Exhausted, the Germans reverted to the defensive on March third. The commanding general of the British 1st Division, also locked in the Anzio beachhead, sent a thankful message to the 3rd Division: “Congratulations on your work out there.”

Following the German counterattack, “the beachhead remained a salient of fifteen miles wide and ten miles deep,” raked constantly with artillery fire from a determined enemy, who “held the high ground back from the beach.”

Field Marshall Kesselring’s forces encircled and hemmed in the beachhead with some five hundred guns: including two 280 mm railroad guns (“Anzio Annies”—”big eleven-inch artillery … it was a terrific sounding gun. It sounded like a railroad box car coming end over end”), two 240 mm railroad guns, a number of 210 batteries, many 170 mm rifles, 150 mm and 105 mm howitzers, and scores of 88 mm anti-aircraft and anti-tank guns. The effectiveness of the German artillery was reflected in the number of 3rd Division casualties — 70% caused by shell fragments.

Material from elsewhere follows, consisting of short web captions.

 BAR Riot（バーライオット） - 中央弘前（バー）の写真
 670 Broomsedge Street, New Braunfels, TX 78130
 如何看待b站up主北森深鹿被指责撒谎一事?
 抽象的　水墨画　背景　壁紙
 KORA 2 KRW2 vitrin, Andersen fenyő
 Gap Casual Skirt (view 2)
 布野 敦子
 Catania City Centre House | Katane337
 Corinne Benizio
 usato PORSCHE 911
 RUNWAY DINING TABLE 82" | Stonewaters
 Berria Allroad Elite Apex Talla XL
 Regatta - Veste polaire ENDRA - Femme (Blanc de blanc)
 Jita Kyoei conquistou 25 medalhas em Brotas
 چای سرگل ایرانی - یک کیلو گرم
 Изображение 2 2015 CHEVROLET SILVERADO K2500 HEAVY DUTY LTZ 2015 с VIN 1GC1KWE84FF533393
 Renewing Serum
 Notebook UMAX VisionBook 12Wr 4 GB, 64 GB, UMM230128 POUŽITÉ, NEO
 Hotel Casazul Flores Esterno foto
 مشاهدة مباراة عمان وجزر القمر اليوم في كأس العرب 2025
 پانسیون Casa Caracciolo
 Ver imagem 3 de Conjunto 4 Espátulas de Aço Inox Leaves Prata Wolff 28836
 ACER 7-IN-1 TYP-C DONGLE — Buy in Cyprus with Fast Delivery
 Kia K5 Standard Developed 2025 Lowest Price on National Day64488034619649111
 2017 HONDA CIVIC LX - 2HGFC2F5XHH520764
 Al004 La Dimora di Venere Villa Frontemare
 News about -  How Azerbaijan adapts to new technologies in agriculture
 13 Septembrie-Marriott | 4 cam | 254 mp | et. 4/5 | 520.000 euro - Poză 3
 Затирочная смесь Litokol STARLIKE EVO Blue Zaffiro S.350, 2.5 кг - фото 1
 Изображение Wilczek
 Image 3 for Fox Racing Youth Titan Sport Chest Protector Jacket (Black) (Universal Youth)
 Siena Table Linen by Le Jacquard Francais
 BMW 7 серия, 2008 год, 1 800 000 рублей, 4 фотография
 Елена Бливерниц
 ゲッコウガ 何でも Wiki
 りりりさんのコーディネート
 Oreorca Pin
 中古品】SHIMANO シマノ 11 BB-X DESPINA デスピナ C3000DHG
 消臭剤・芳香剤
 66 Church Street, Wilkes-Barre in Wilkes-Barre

The night of February 29, after the German shelling finally stopped, Phil had a bit of time to clean his weapons while reflecting on surviving his first couple of weeks on the battle lines.

He felt he had proven himself and now had a good idea of what to expect and what was expected of him. He and his men were no longer strangers thrown together randomly by war. Now they were veterans of combat together.

More importantly, Phil had lived to fight another day, and the beachhead was quiet — for a moment.

[1] The M2 mortar was a 60-mm smooth-bore, muzzle-loading, high-angle-of-fire weapon used by the GIs in World War II for company-level fire support. The firing pin was fixed in the base cap of the tube, and the bomb was fired automatically when it dropped down the barrel. Depending upon the shell, the mortar had a range of 200 to 2,000 yards.

[2] Enfilade fire is when weapons are trained across the longest part of an enemy formation.